仕様的負債が発生する理由(複雑度が上がる理由)

  • ビジネスがそもそも複雑
  • 構造が少し複雑になるとシステムは爆発的に複雑になるということに気づいていない
  • 人間の思考はプログラム的ではない
  • 工数が増えると嬉しい人達が居る
  • 非エンジニアの複雑度に対する危機感の薄さ

こんなところでしょうか?

 

仕様的負債が事業に及ぼす影響

  • どんな機能追加もひたすら遅くなる
  • バグが増える
  • バグかどうかの判断が付かない
  • 仕様を全部把握できる人が居なくなる
  • 優秀で高給な人しか改修できなくなる

どこでも起きてます。

 

仕様的負債を避ける方法

  • 複雑な仕様を安易に受け入れない(技術者サイド)
  • 単純な仕様を検討する
  • 使ってない仕様を破棄する

まあほとんどできてる所無いんですけどね。

 

エンジニアができる仕様的負債に対するアプローチ

現実問題これってあり得るんでしょうか。
仕様的負債の解消というのは技術的負債の解消よりも影響範囲も大きくどうなるか分からない部分もあります。
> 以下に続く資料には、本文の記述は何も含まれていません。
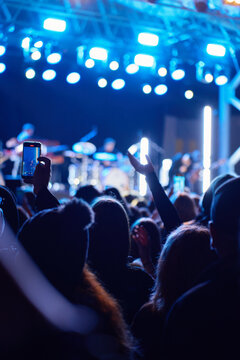 People raising hands and recording a live concert on phones at night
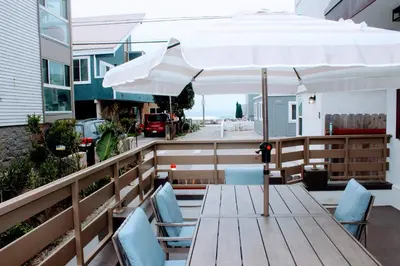 a wooden table with an umbrella on a balcony at Steps from Ocean! Ocean and Bay Views! Rooftop Deck! Two-Car Garage! Renovated! in San Diego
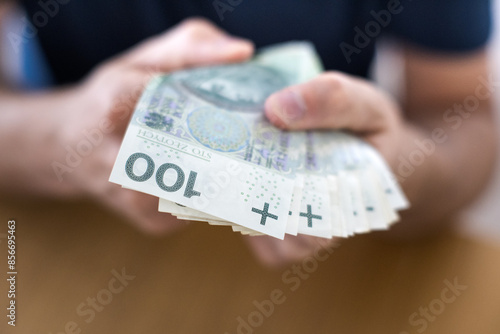 Osoba trzymając w dłoni banknoty. Biznes i finanse. 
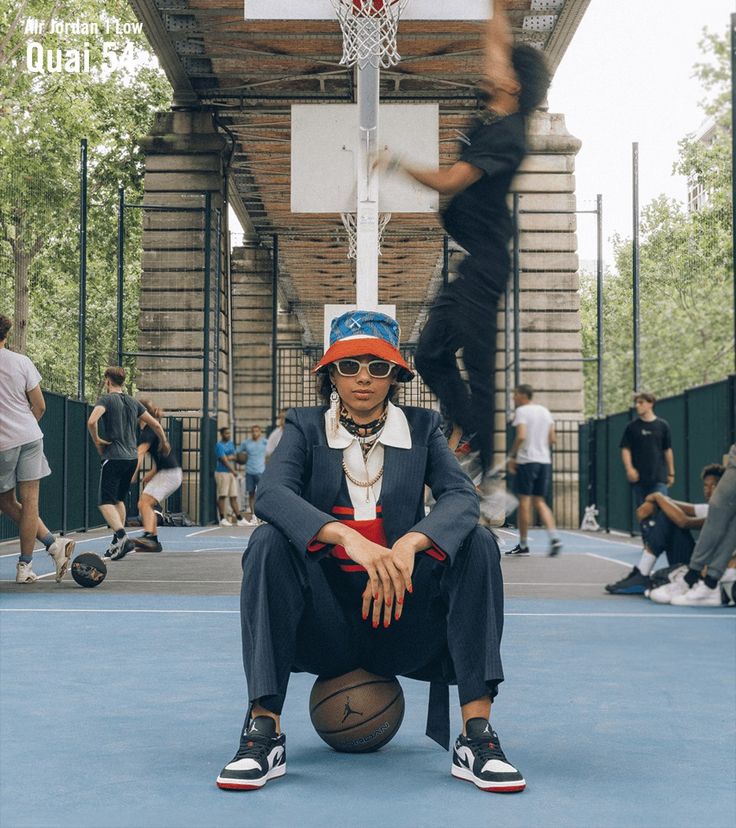 a man sitting on top of a basketball court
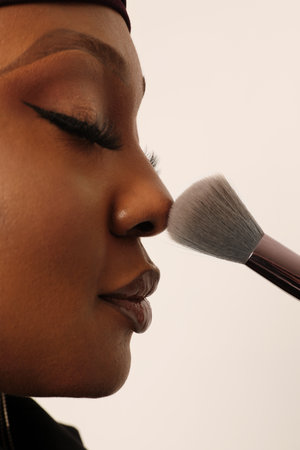 Close-up of beautiful muslim young woman retouch make-up on her face. Vertical.の写真素材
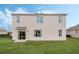 Spacious backyard with lush green grass and a modern home exterior featuring large windows and a sliding glass door at 510 Coronado Cove Rd, New Smyrna Beach, FL 32168
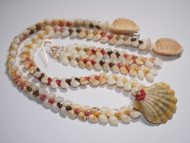 19 3/4" blue, yellow, white Momi with pink, red, black, green Kahelelani shells design in Heliconia style with Sunrise shell lei #1013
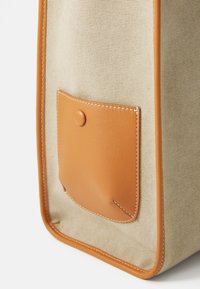 Sac en toile beige avec des accents en cuir marron, présentant une poche à rabat avec un bouton-pression et des coutures visibles le long des bords.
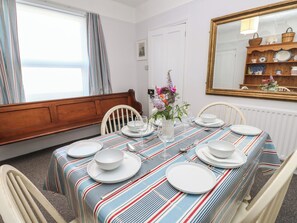 A dining room with a striped tablecloth, white plates, and a vase of flowers. - Bay Tree Cottage (Shanklin)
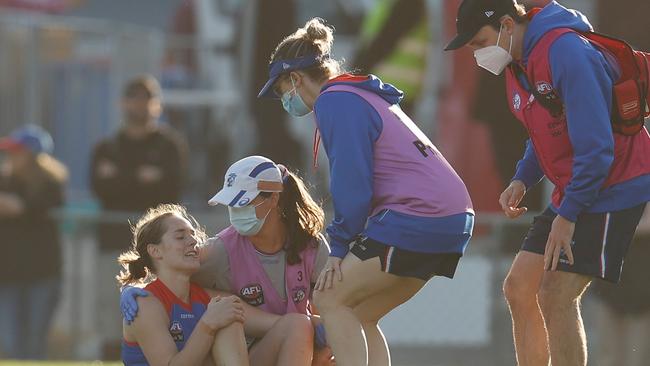 Medics attend to Huntington after injuring her knee in the opening round of AFLW. Picture: AFL Photos via Getty Images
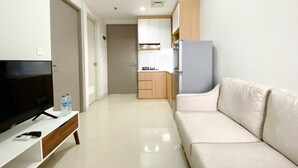 A modern living room with a flat-screen TV, a sofa, and a kitchen area with wooden cabinets and a refrigerator. - Great Deal And Pleasurable 2Br Vasanta Innopark Apartment (Cikarang)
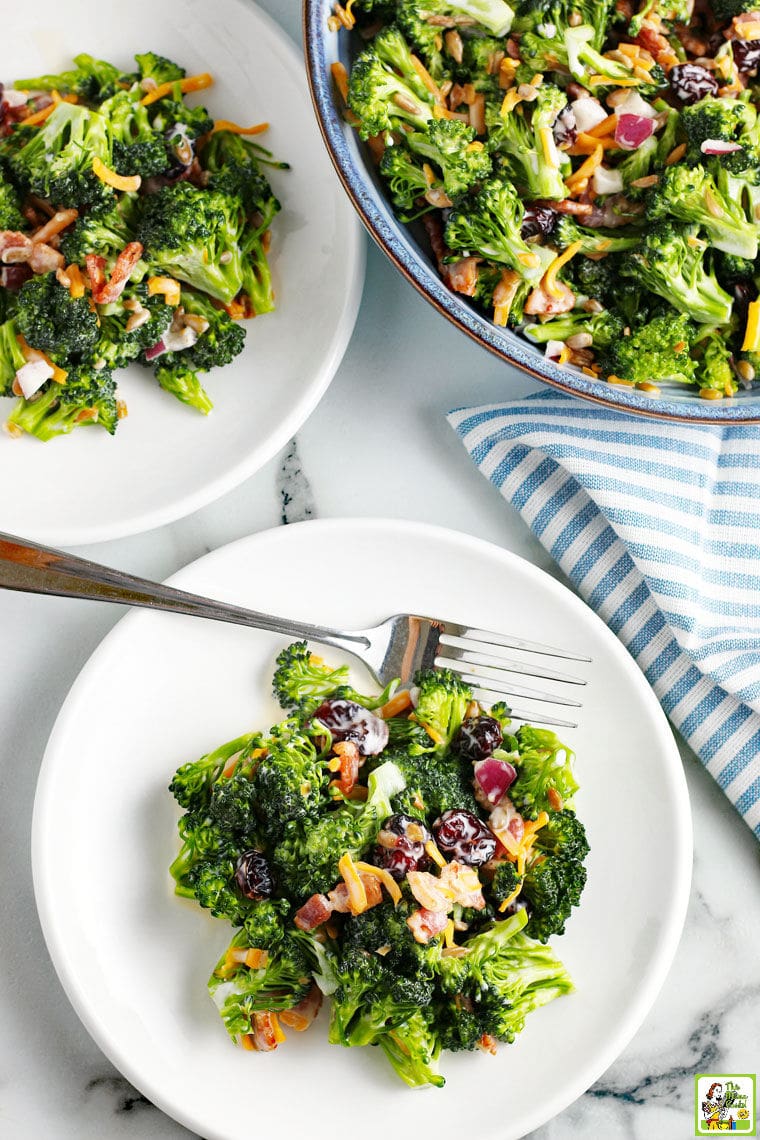 Broccoli Bacon Salad on white plates and in a blue bowl with blue and white napkin.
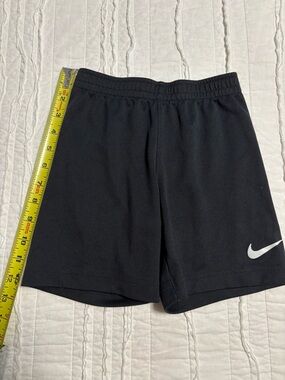 Nike Black Shorts with White Swoosh Logo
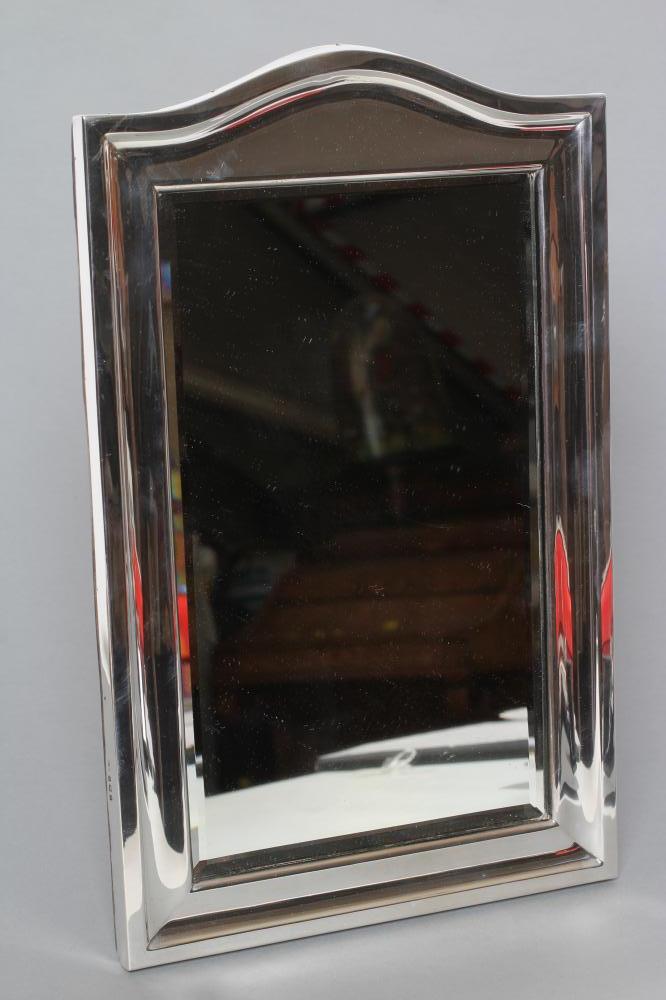 AN EDWARDIAN SILVER EASEL BACK MIRROR, maker's mark HM, Birmingham 1908, the vertical oblong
イメージとしては盆栽の剪定作業のような感じですが、コア事業のために何かを捨てるとか変えるわけですから、そこへの責任が発生しますし、非エンジニア組織への説明やユーザーへの説明も発生します。

世の中どちらかと言えば、とにかく気にせず複雑にしてしまい、誰も触れないくらいになるんだけど、最終的に東大卒のエンジニアが長い時間をかけてちょっとずつ変更できるカタツムリのようなスピードで何とかやっていく、みたいな企業が多い印象です。それができないところは停滞していくという。
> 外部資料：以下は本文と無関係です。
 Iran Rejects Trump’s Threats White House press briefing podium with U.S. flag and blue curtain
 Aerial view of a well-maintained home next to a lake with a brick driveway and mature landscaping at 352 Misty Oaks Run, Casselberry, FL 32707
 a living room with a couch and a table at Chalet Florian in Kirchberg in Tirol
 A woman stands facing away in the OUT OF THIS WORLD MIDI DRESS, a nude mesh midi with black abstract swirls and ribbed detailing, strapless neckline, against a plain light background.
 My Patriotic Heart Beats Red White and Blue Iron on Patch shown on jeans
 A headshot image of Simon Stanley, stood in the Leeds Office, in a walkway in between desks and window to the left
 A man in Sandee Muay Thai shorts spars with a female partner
ライブラリーの開発など見ると、結構スクラップ・アンド・ビルドを繰り返しているので、ああいう風にできたらいいのにと思う一方で、ユーザーとしては「前と全然仕様が違う!」と苛つくこともあるのでどっちが良いんだろうと未だに答えが出ていません。

あと、すごくシンプルにした結果自分らの仕事がなくなるというケースも、いやそれはないか。やることは沢山ありますからね。

自分がこれからPOになることがあったらそこらへんの課題感を持ってやってみたいと思います。